▶ _Problem_
The response must consist of every record, restated word for word.

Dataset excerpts
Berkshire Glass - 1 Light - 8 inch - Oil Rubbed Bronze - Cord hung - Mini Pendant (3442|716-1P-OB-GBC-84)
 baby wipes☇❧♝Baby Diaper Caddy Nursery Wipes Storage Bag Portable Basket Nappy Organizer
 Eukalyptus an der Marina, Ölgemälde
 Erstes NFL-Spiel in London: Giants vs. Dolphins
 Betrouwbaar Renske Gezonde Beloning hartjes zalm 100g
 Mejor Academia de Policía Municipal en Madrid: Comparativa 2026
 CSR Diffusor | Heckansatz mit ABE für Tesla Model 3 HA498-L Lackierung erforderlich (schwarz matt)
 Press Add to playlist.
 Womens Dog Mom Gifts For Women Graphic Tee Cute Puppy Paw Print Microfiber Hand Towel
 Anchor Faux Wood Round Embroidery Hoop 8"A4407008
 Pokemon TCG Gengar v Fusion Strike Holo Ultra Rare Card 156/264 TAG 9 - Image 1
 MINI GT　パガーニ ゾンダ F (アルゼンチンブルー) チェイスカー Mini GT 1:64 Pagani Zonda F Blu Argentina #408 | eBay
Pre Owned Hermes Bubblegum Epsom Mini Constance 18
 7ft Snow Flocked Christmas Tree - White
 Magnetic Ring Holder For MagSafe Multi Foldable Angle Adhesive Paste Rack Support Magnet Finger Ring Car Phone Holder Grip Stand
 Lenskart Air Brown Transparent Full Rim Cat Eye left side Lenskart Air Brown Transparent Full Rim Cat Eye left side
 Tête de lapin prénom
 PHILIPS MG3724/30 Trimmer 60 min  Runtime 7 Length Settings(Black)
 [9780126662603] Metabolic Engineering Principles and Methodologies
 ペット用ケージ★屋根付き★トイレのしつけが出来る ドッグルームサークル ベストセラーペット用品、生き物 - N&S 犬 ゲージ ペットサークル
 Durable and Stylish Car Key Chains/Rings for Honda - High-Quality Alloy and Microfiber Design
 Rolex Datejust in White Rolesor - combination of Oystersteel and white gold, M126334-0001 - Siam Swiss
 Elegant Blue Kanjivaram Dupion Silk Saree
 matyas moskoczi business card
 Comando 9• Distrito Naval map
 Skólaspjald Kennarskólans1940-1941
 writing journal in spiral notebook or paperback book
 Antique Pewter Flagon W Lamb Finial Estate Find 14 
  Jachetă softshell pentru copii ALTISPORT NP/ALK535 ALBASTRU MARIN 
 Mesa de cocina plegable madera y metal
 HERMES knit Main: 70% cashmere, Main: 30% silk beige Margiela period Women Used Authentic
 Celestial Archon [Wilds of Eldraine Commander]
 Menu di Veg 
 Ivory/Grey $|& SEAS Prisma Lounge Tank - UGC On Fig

▶ _Answer to the problem_
Berkshire Glass - 1 Light - 8 inch - Oil Rubbed Bronze - Cord hung - Mini Pendant (3442|716-1P-OB-GBC-84)
 baby wipes☇❧♝Baby Diaper Caddy Nursery Wipes Storage Bag Portable Basket Nappy Organizer
 Eukalyptus an der Marina, Ölgemälde
 Erstes NFL-Spiel in London: Giants vs. Dolphins
 Betrouwbaar Renske Gezonde Beloning hartjes zalm 100g
 Mejor Academia de Policía Municipal en Madrid: Comparativa 2026
 CSR Diffusor | Heckansatz mit ABE für Tesla Model 3 HA498-L Lackierung erforderlich (schwarz matt)
 Press Add to playlist.
 Womens Dog Mom Gifts For Women Graphic Tee Cute Puppy Paw Print Microfiber Hand Towel
 Anchor Faux Wood Round Embroidery Hoop 8"A4407008
 Pokemon TCG Gengar v Fusion Strike Holo Ultra Rare Card 156/264 TAG 9 - Image 1
 MINI GT　パガーニ ゾンダ F (アルゼンチンブルー) チェイスカー Mini GT 1:64 Pagani Zonda F Blu Argentina #408 | eBay
Pre Owned Hermes Bubblegum Epsom Mini Constance 18
 7ft Snow Flocked Christmas Tree - White
 Magnetic Ring Holder For MagSafe Multi Foldable Angle Adhesive Paste Rack Support Magnet Finger Ring Car Phone Holder Grip Stand
 Lenskart Air Brown Transparent Full Rim Cat Eye left side Lenskart Air Brown Transparent Full Rim Cat Eye left side
 Tête de lapin prénom
 PHILIPS MG3724/30 Trimmer 60 min  Runtime 7 Length Settings(Black)
 [9780126662603] Metabolic Engineering Principles and Methodologies
 ペット用ケージ★屋根付き★トイレのしつけが出来る ドッグルームサークル ベストセラーペット用品、生き物 - N&S 犬 ゲージ ペットサークル
 Durable and Stylish Car Key Chains/Rings for Honda - High-Quality Alloy and Microfiber Design
 Rolex Datejust in White Rolesor - combination of Oystersteel and white gold, M126334-0001 - Siam Swiss
 Elegant Blue Kanjivaram Dupion Silk Saree
 matyas moskoczi business card
 Comando 9• Distrito Naval map
 Skólaspjald Kennarskólans1940-1941
 writing journal in spiral notebook or paperback book
 Antique Pewter Flagon W Lamb Finial Estate Find 14 
  Jachetă softshell pentru copii ALTISPORT NP/ALK535 ALBASTRU MARIN 
 Mesa de cocina plegable madera y metal
 HERMES knit Main: 70% cashmere, Main: 30% silk beige Margiela period Women Used Authentic
 Celestial Archon [Wilds of Eldraine Commander]
 Menu di Veg 
 Ivory/Grey $|& SEAS Prisma Lounge Tank - UGC On Fig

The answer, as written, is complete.